** Data section follows **

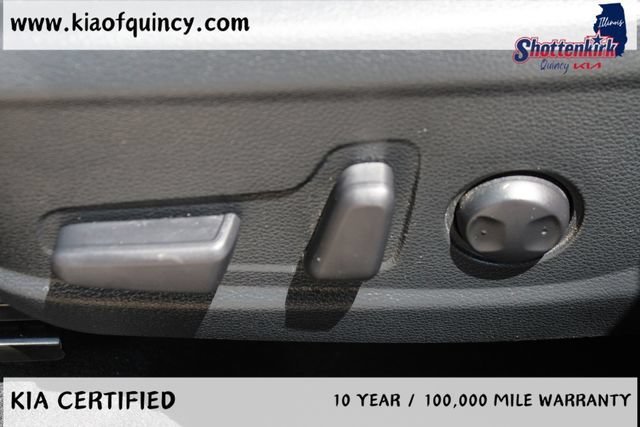 Used 2025 Red Kia S image 11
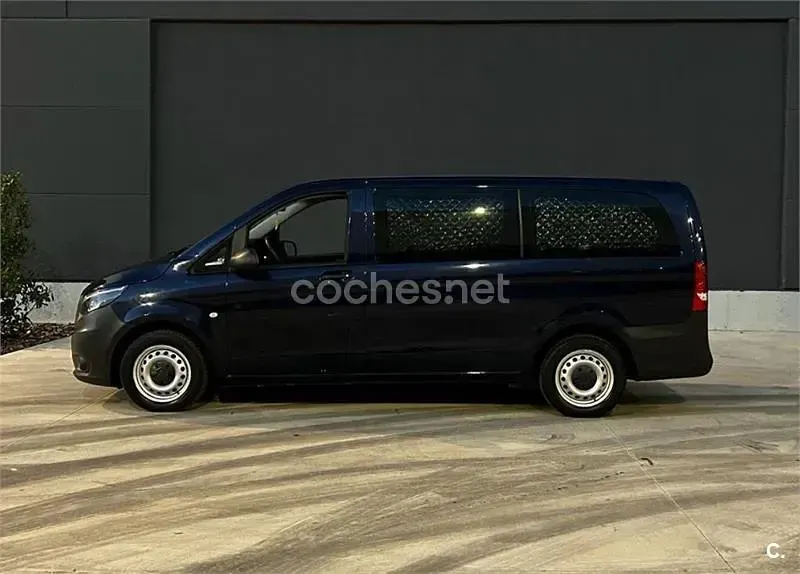 Usado Mercedes Vito Marco Polo 88 CV (64 kW) 2017 Azul Van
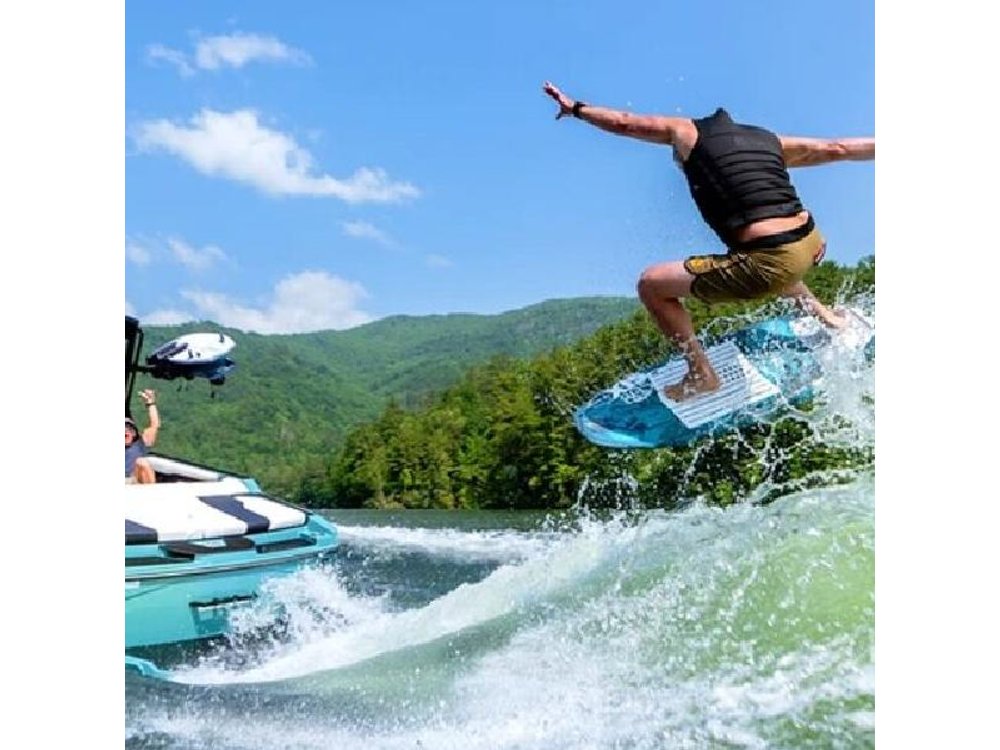 Wakesurf Boat on Lake Austin - BYOB Captained (up to 12 guests)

** End of Data section **

— Aim of the task —
Word for word, repeat all the data, but not its images.

— Expected output —
 Used 2025 Red Kia S image 11
 Usado Mercedes Vito Marco Polo 88 CV (64 kW) 2017 Azul Van
 Wakesurf Boat on Lake Austin - BYOB Captained (up to 12 guests)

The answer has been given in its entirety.